Fonterra, which owns 43 per cent of SanLu and has three directors on its board, also knew of the contamination for six weeks before a public recall, which began only after the New Zealand Government blew the whistle.
"You want the children to get better, you hope the children will get better ... You just pray that they get better," Fonterra chief executive Andrew Ferrier said. "This is an ethical issue of doing the right thing."
A third child died yesterday and the number of sick children grew fivefold to more than 6200. Chinese state-run media announced late yesterday that 21 more companies were found producing milk powder tainted with melamine.

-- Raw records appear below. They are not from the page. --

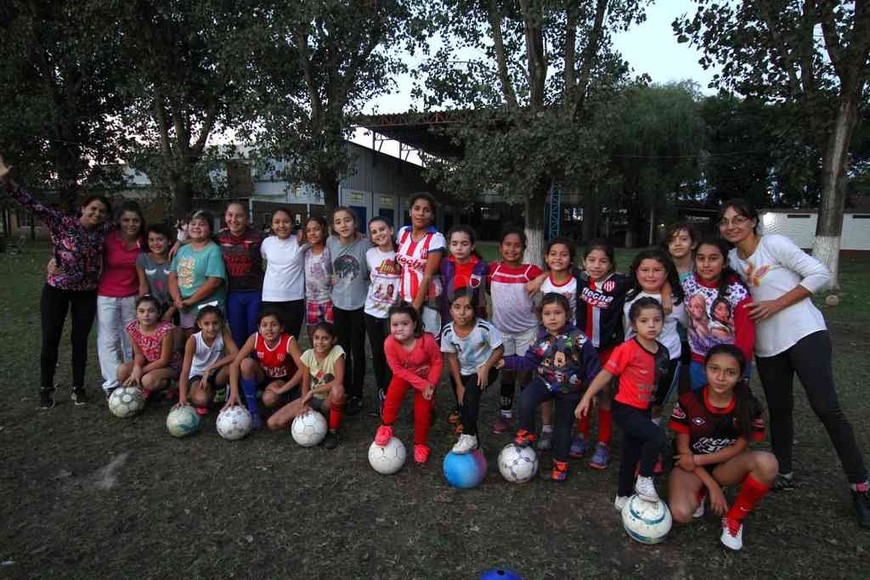 ELLITORAL_373591 |  Pablo Aguirre Las chicas también disfrutan del fútbol, el deporte principal del cub.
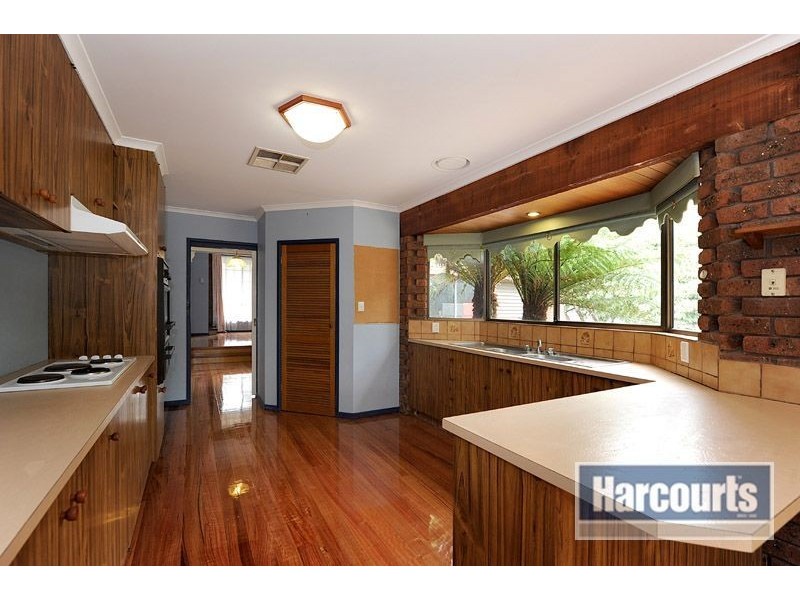 4 Carisbrook Court, Langwarrin VIC 3910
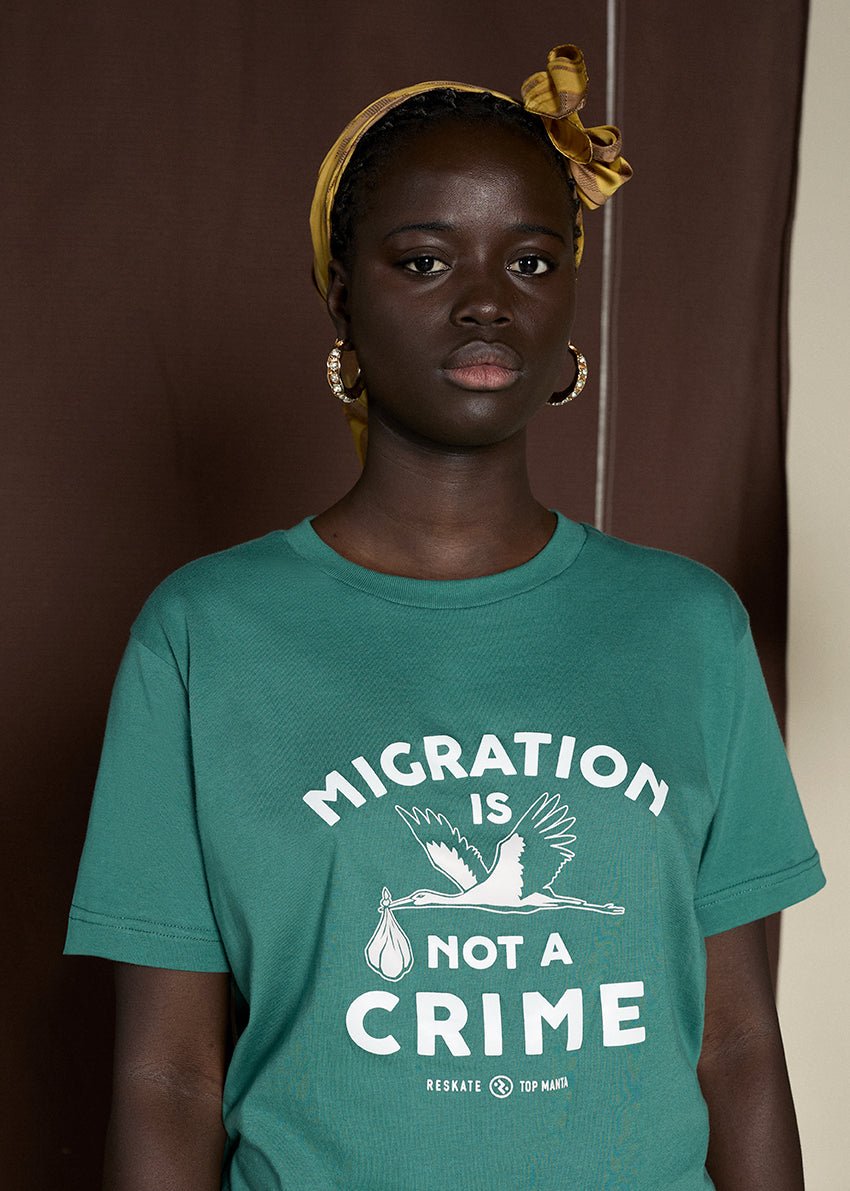 Camiseta MIGRATION IS NOT A CRIME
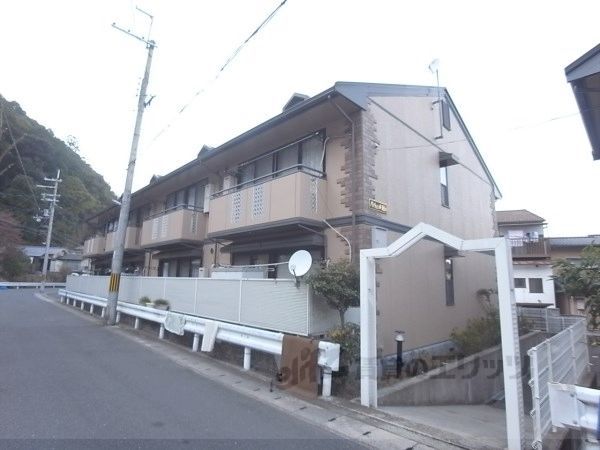 ハイカムール嵐山Aの外観画像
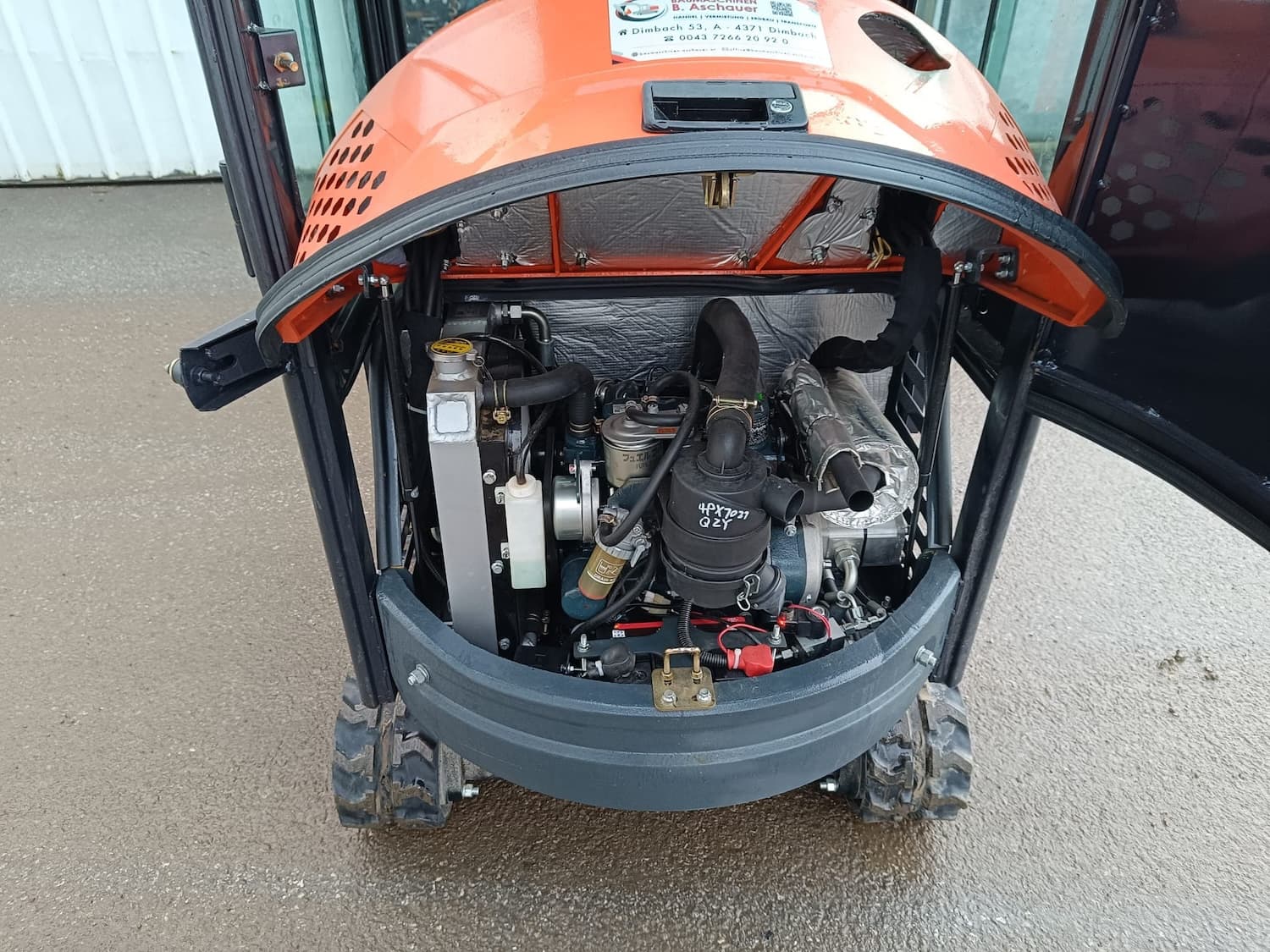 1,2 Tonnen Bagger mit Vollkabine und 3 Zylinder Kubota Motor – Bild 6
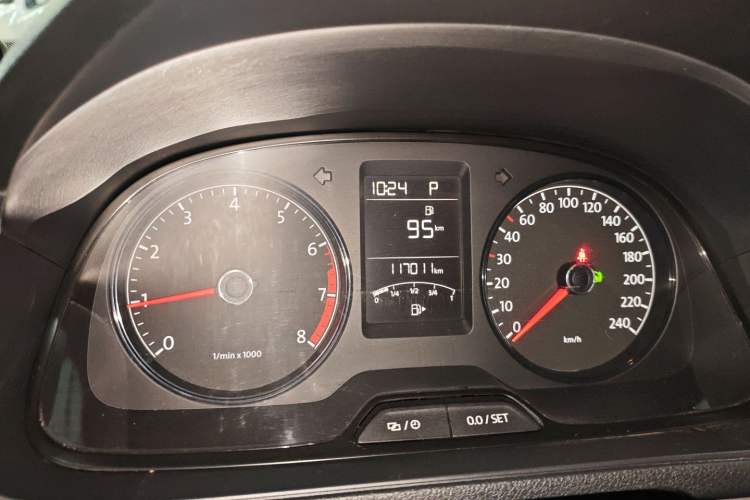 Used Volkswagen Gran Lavida 2013 1.6L Automatic Fashion Model
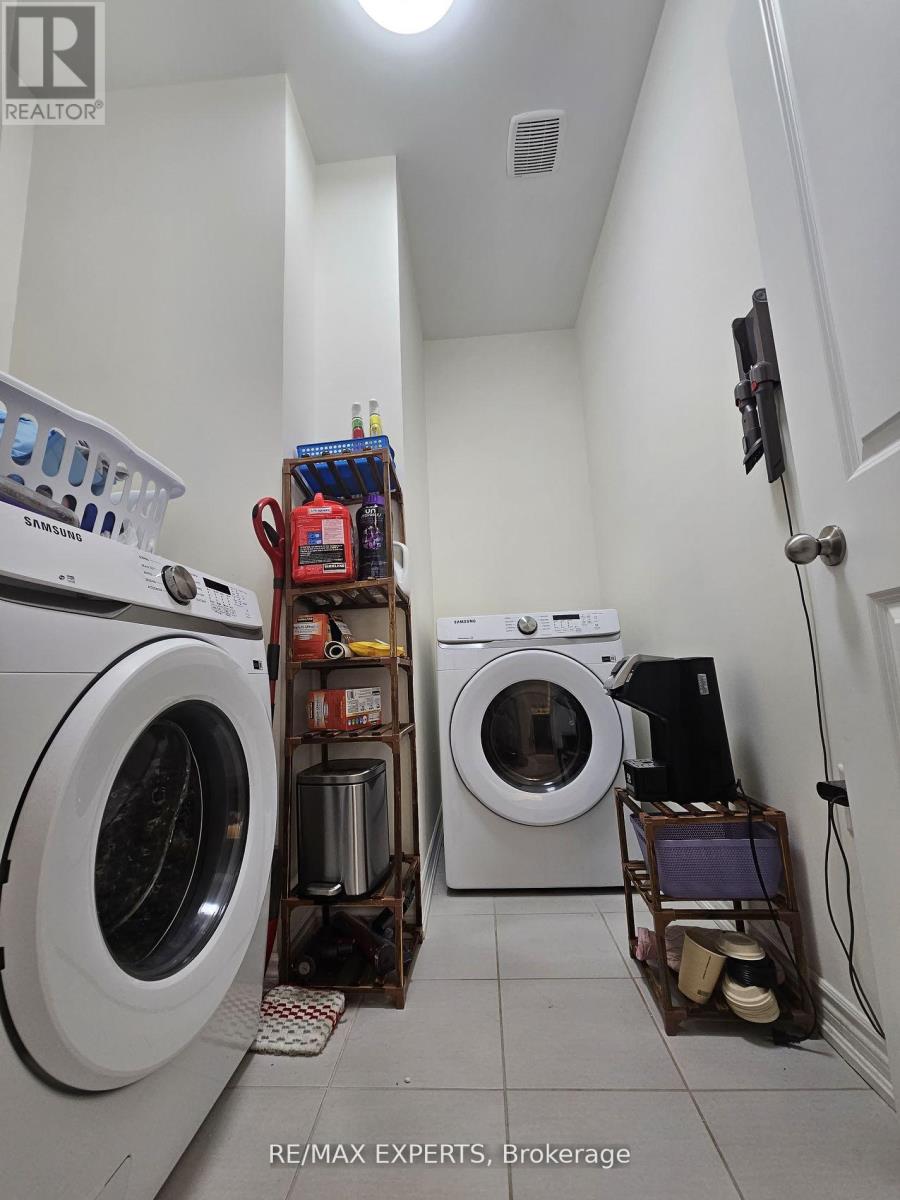 88 Ogston Crescent, Whitby, Ontario  L1P 0H2 - Photo 19 - E12898790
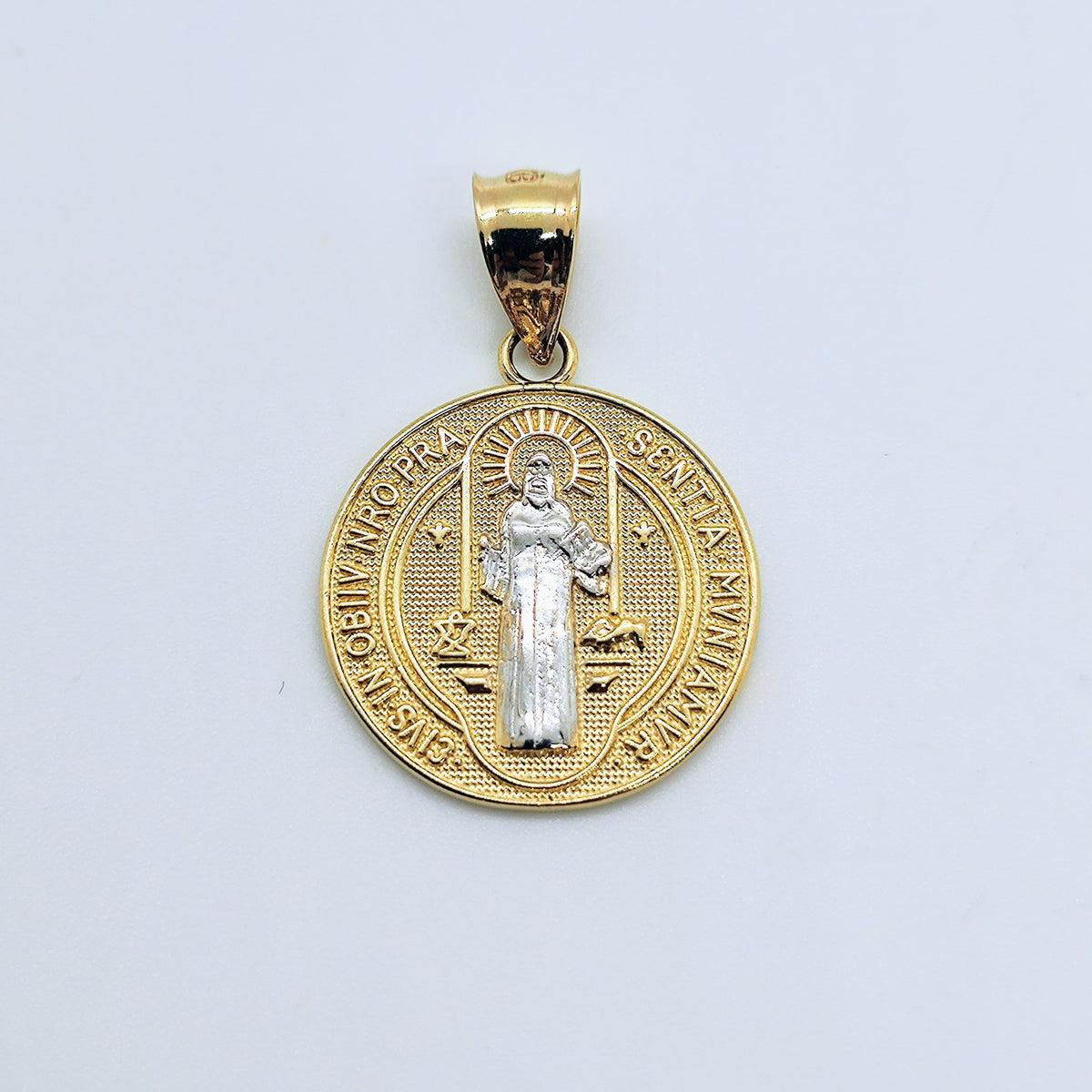 Medalla Cristo Oro Amarillo y Oro Blanco 2g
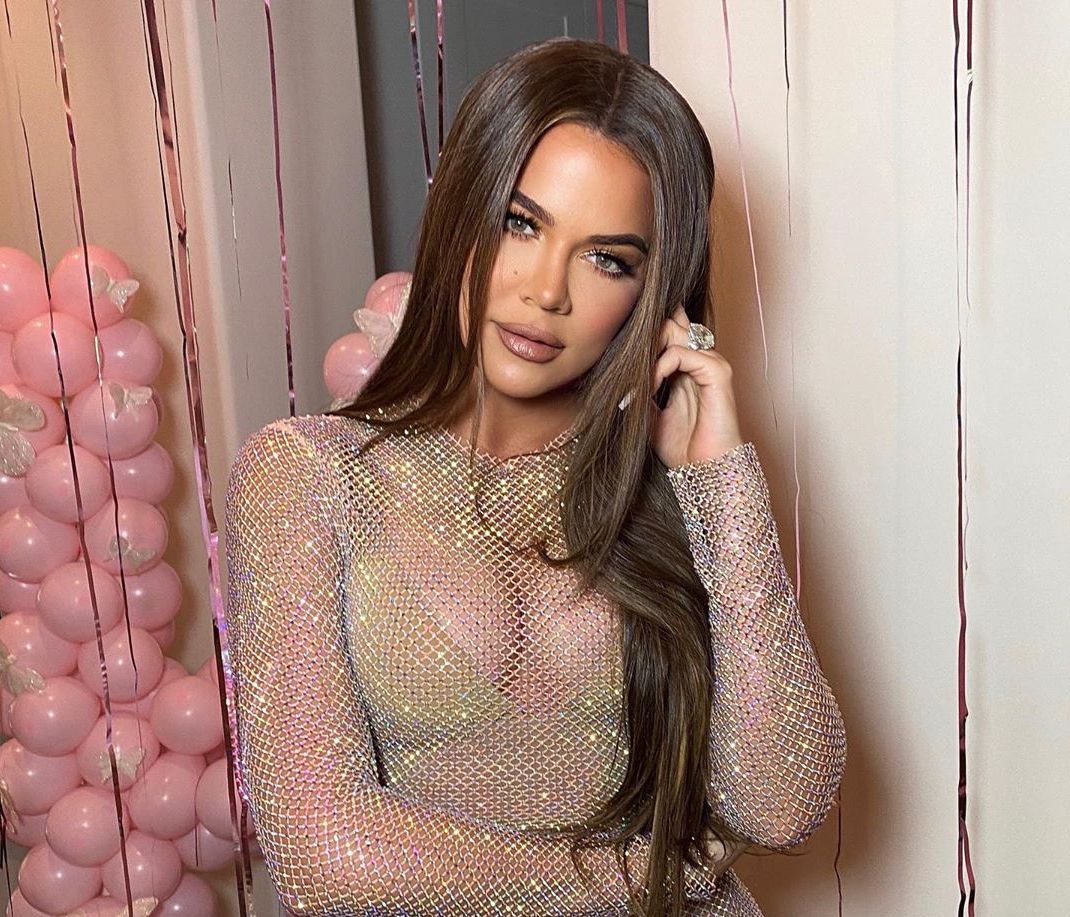 Αυτό το denim trend έχει αγαπήσει φέτος η Khloe Kardashian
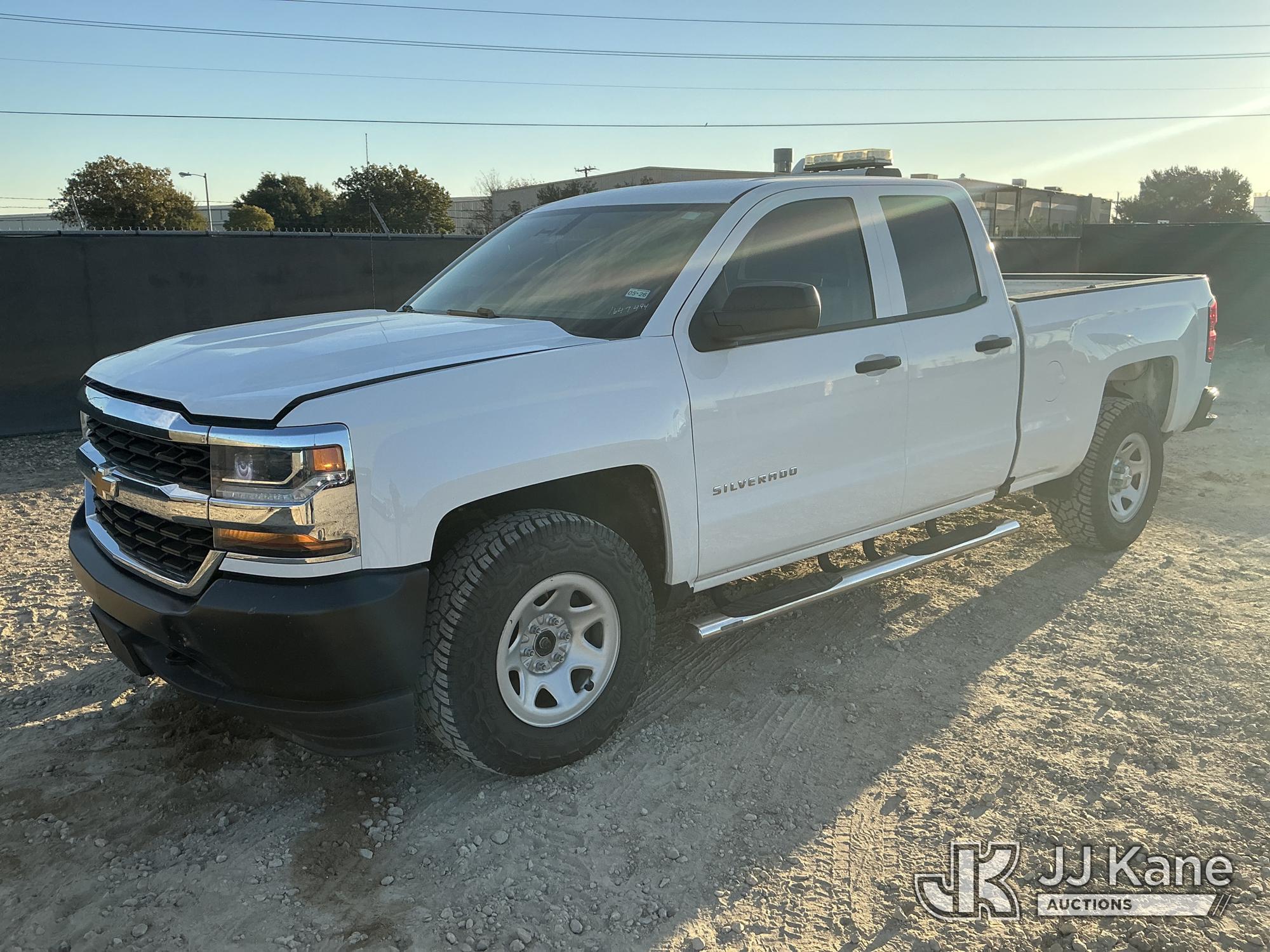 2019 Chevrolet Silverado 1500 Extended-Cab Pickup Truck (1647494)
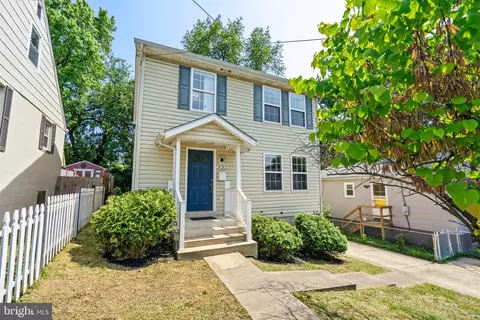 3901 Lawrence St, Brentwood, MD 20722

Prime Minister Helen Clark said the Government alerted the Chinese Government as soon as it became aware of the contamination, which she said had been "covered up" by local authorities.
"We couldn't have it on our conscience that this was not being brought to the attention of the Chinese authorities in order for them to do something about it."
At a press conference in Auckland yesterday, Mr Ferrier said he was "absolutely demoralised" by the "tragic incident", but defended the decision to keep the scandal under wraps for six weeks.
Fonterra first learned of the problems on August 2, he said, and the company initially wanted to use influence and work inside the Chinese system to get the product recalled as fast as possible.
He was "hugely relieved" when, after six weeks, they secured a public recall.
Mr Ferrier defended the cooperative for not testing for melamine and said it was victim of a "criminal contaminant".
"So, yes, Fonterra missed testing for melamine; so did everybody else. That happens to food companies, it's a tragedy. If there was anything we could have done to prevent it, we wish as sure as hell we did."
Earlier, a Fonterra spokesman admitted the situation had raised "governance and management" issues.
Hebei provincial health authorities had done three separate tests, which all turned out negative for product-quality issues. "SanLu, as a precaution, decided to institute its own tests and in early August detected melamine in the product. They then informed the board and a trade recall was implemented."
All production at SanLu, the largest producer of infant milk powder in China, has been halted.
Fonterra may also be liable to refund customers and provide compensation. Under Chinese law, victims of unsafe products are allowed to sue the manufacturer or the retailer for compensation.
"We've got to find out how this works in the Chinese system and see how we can help," Mr Ferrier said.
Fonterra is voluntarily recalling a batch of its own branded prenatal milk, Anmum Materna, which was made under licence by SanLu.